ABD yönetimine yakın Michael Rubin, Washington Exeminer adlı internet sitesinde bugün yayınlanan yazısında Erdoğan’ın “teröre karşı tampon bölge” teklifini olumlu bulduğunu fakat bölgenin Suriye değil Türkiye sınırında kurulmasını yani Türkiye’nin kendi toprakları üzerinde bir uluslararası bölge yaratmasını teklif etti. Rubin Amerikan Girişim Enstitüsü (American Enterprise Institute) adlı kuruluşun çalışanı ve ABD askeri akademisinde öğretim üyesidir. Ayrıca Middle East Quarterly (Ortadoğu Bülteni) adlı derginin editörlüğünü yapan Rubin Erdoğan karşıtı söylemleriyle tanınmaktadır.
Erdoğan, Suriye sınırında bir tampon bölge kurmak için ABD’nin bölgeden çıkmasını beklediğini ifade ederken İsrail Haaretz gazetesi Türkiye’nin bölgeye askeri harekat başlatmak için Rusya ve ABD ile görüştüğünü yazdı.
ABD, IŞİD’den boşaltılan bölgelerin Kürt hareketi liderliğindeki güçler tarafından yönetilmesini isterken Suriye devleti bölgeyi ABD ve Kürt hareketinden devralmaya çalışıyor. Erdoğan ise bölgede kendi iktidarını güçlendirecek bir çözüm için uğraşıyor. ABD’nin Kürtlere yakın durması Erdoğan’ı; Erdoğan’ın Rusya’ya yakın durması ise ABD’yi rahatsız ediyor.
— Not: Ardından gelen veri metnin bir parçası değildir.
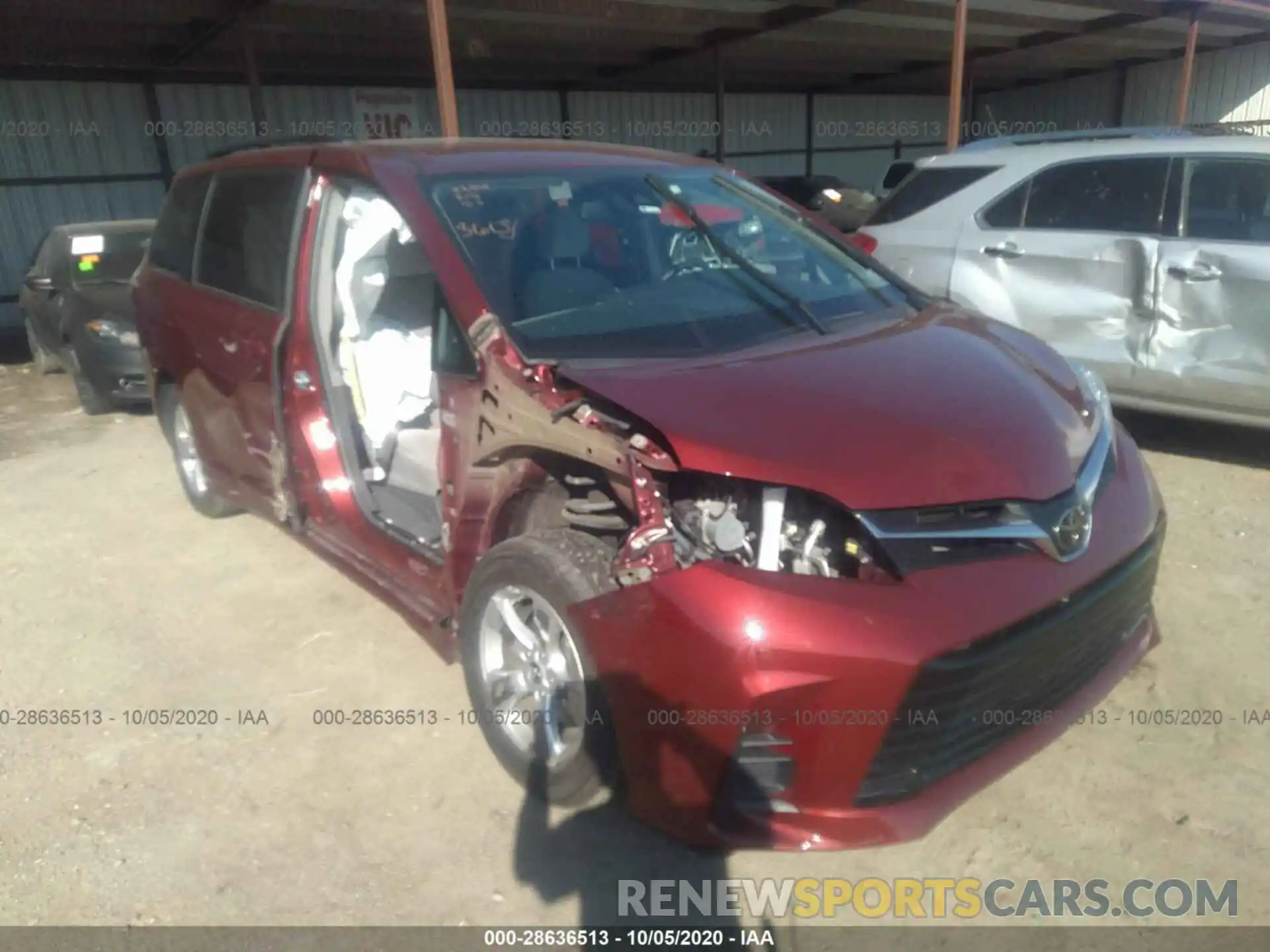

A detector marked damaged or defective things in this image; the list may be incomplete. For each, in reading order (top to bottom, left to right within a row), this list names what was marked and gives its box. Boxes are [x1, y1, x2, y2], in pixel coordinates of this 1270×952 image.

red damaged minivan [134, 138, 1163, 853]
Amerikan Foreign Policy Magazine adlı yayın organında dün yani 11 Nisan tarihinde yayınlanan bir makalede (It’s Not Too Late to Stop Turkey From Realigning With Russia) ABD’nin akıllıca bir diplomasi ve savunma yardımıyla Türkiye’nin Rusyayla ittifakını önleyebileceği savunuldu. Makalede Erdoğan’ın Rusya’ya yanaşmasının ABD’yi Kürt kuvvetleri silahlandırma ve destekleme politikasını gözden geçirmeye zorlamak amaçlı olduğunu iddia edildi.
Bu gelişmelerle paralel olarak İstanbul’da İmamoğlu adında bir şahıs Erdoğan’ın alternatifi olabilecek bir meydan okumayla ortaya çıkıyor. Bu gelişme şimdiden Meral Akşener’in çıkışının parlak günlerindekinden çok daha güçlü etki yarattı. Yerel seçimlerde Kürt hareketinin Millet İttifakı ile kurduğu dolaylı ittifakın yarattığı etki dikkat çekicidir. Kürtlerin kazandığı bazı belediyelerin YSK eliyle HDP’den alınarak AKP’ye verilmesinin bu ittifakı nasıl etkileyeceği merak ediliyor. En önemlisi ise halkın politize olduğu ve insanlarda umudun arttığı bir dönemde Türkiye solunun nasıl varlık gösterebileceği.